Reputation: 2635
I need to load this in to a CSV file. And want to preserve the formatting in the spreadsheet by adding two commas at the end of a "-----" instead of one.
CASPER_CD_UNIAPP1_NETPROBE_PS ----- 07/12/2017 01:54:31 OI 45976571/4 -655
CASPER_CD_REFD_RESTRICTED_SYM_PS ----- ----- OI 0/0
CASPER_CD_OPT_BILL_GEN_FEED_PS 12/12/2017 04:01:22 12/12/2017 04:01:22 OI 88970489/1 0
CASPER_CD_EOD_S3FTP_PS 07/20/2017 22:30:45 07/20/2017 22:32:27 OI 71030819/1 0
CASPER_CD_RPTS_SEND_PANAGORA_PS 11/28/2017 16:47:20 11/28/2017 16:47:22 OI 87295557/1 0
CASPER_BD_USDM_MAAS_PS 06/06/2016 21:00:39 06/06/2016 21:07:24 OI 24884239/1 1
CASPER_CD_USDM_MAAS_EXTR_LOAD_PS 06/06/2016 21:40:50 06/06/2016 21:45:57 OI 24884239/2 1
I have been using this one - liner:
$ grep _PS totalAutosysjobs.20171219 | grep OI | awk '{ print $1", " $2 ", " $3 ", " $4 ", " $5 ", "$6 ", "$7 ", " $8 } ' | tr "\-\-\-\-\-\," "\-\-\-\-\-\, \,"
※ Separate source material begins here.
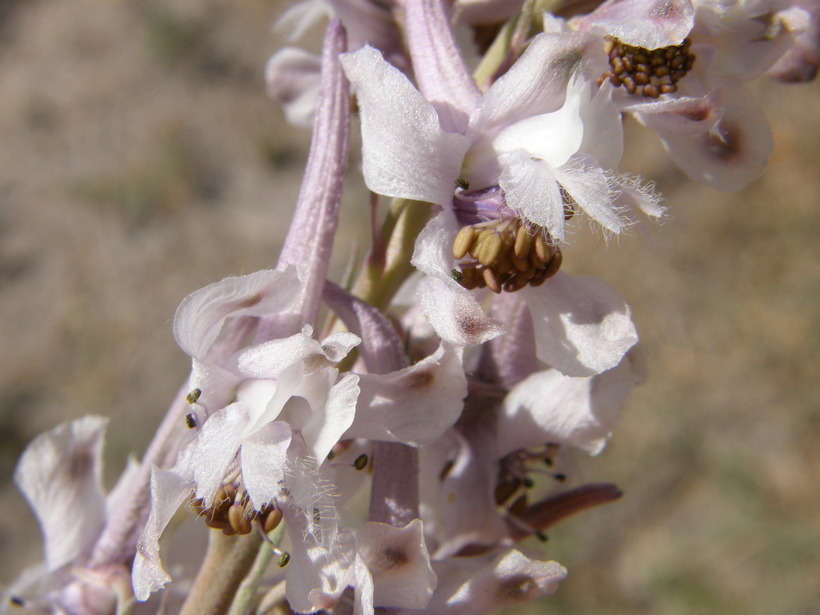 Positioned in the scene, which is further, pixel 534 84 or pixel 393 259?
pixel 393 259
The tr which usually works, did not
| tr "-----," "-----, ,"
tr: unrecognized option `-----,'
| tr "'-----,'" "'-----, ,'"
escaping out the contents of tr does not work either , so I used
sed -e s/'-----,'/'-----, ,'/g
Is there a way, in awk, or pure bash to add two commas to the end of "-----" do this inside of the script, instead of doing it to the results of a first command ?
Like:
"if field $1 =~ "-----" please add two commas to end of "-----, ,"
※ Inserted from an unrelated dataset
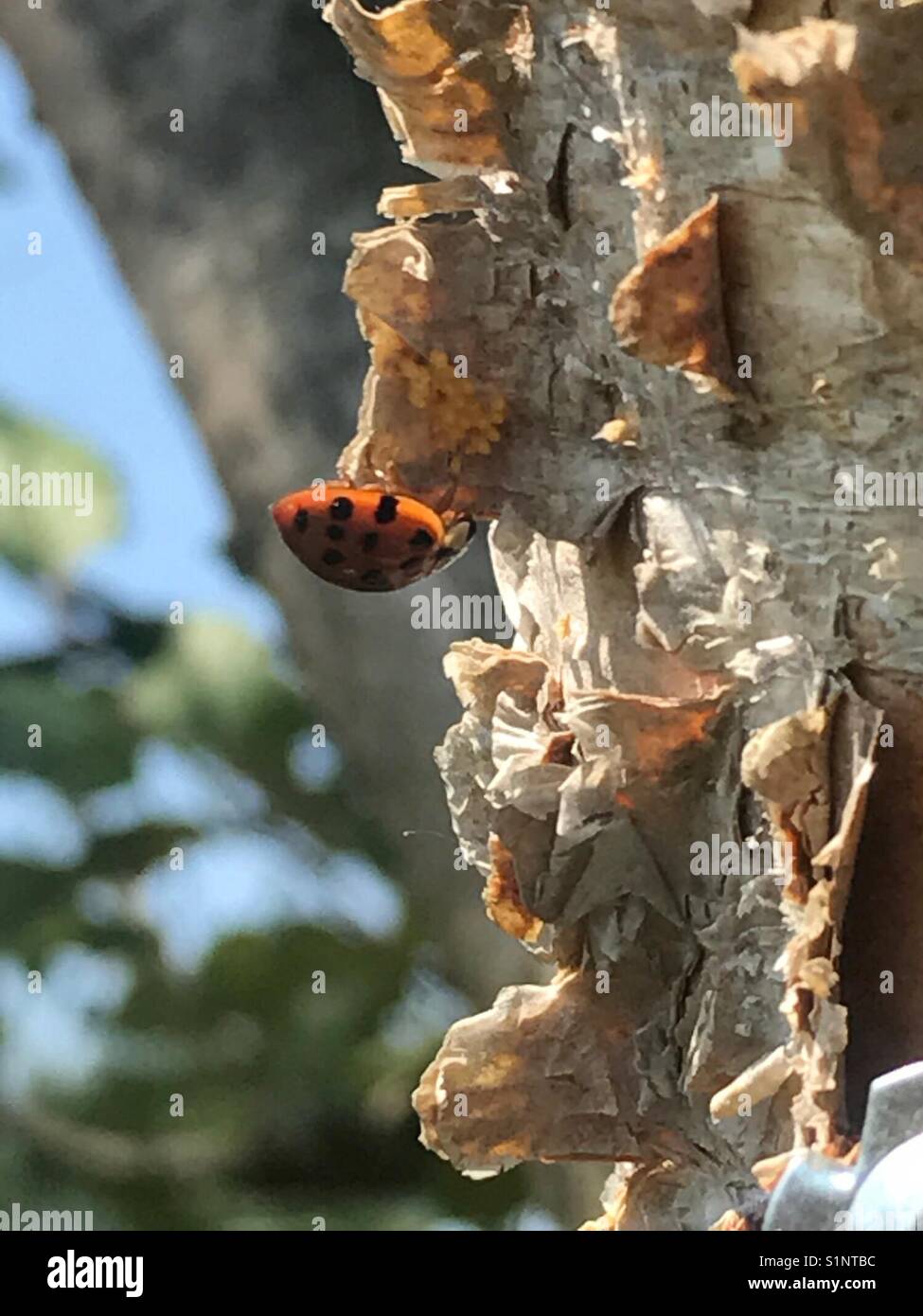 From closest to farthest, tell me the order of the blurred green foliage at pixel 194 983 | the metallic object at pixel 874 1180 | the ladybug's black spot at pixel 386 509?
the metallic object at pixel 874 1180
the ladybug's black spot at pixel 386 509
the blurred green foliage at pixel 194 983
else " just add one comma".
Upvotes: 1
Views: 82
Reputation: 113824
Try:
awk '{$1=$1; gsub(/-----/,"-----,")} 1' OFS=, inputfile
$ awk '{$1=$1; gsub(/-----/,"-----,")} 1' OFS=, inputfile
CASPER_CD_UNIAPP1_NETPROBE_PS,-----,,07/12/2017,01:54:31,OI,45976571/4,-655
CASPER_CD_REFD_RESTRICTED_SYM_PS,-----,,-----,,OI,0/0
CASPER_CD_OPT_BILL_GEN_FEED_PS,12/12/2017,04:01:22,12/12/2017,04:01:22,OI,88970489/1,0
CASPER_CD_EOD_S3FTP_PS,07/20/2017,22:30:45,07/20/2017,22:32:27,OI,71030819/1,0
CASPER_CD_RPTS_SEND_PANAGORA_PS,11/28/2017,16:47:20,11/28/2017,16:47:22,OI,87295557/1,0
CASPER_BD_USDM_MAAS_PS,06/06/2016,21:00:39,06/06/2016,21:07:24,OI,24884239/1,1
CASPER_CD_USDM_MAAS_EXTR_LOAD_PS,06/06/2016,21:40:50,06/06/2016,21:45:57,OI,24884239/2,1
$1=$1
This fools awk into thinking that every line has been changed. As a consequence, awk will apply the new output field separator to every line.
gsub(/-----/,"-----,")
Add a comma to the end of each appearance of -----
1
Print the line.
OFS=,
Use a comma as the output field separator.
As suggested by karakfa, a variation on the above is:
awk '{gsub(/-----/,"&"OFS); $1=$1} 1' OFS=, inputfile
Here "&"
means the captured text and "&"OFS
means the captured text followed by the output field separator.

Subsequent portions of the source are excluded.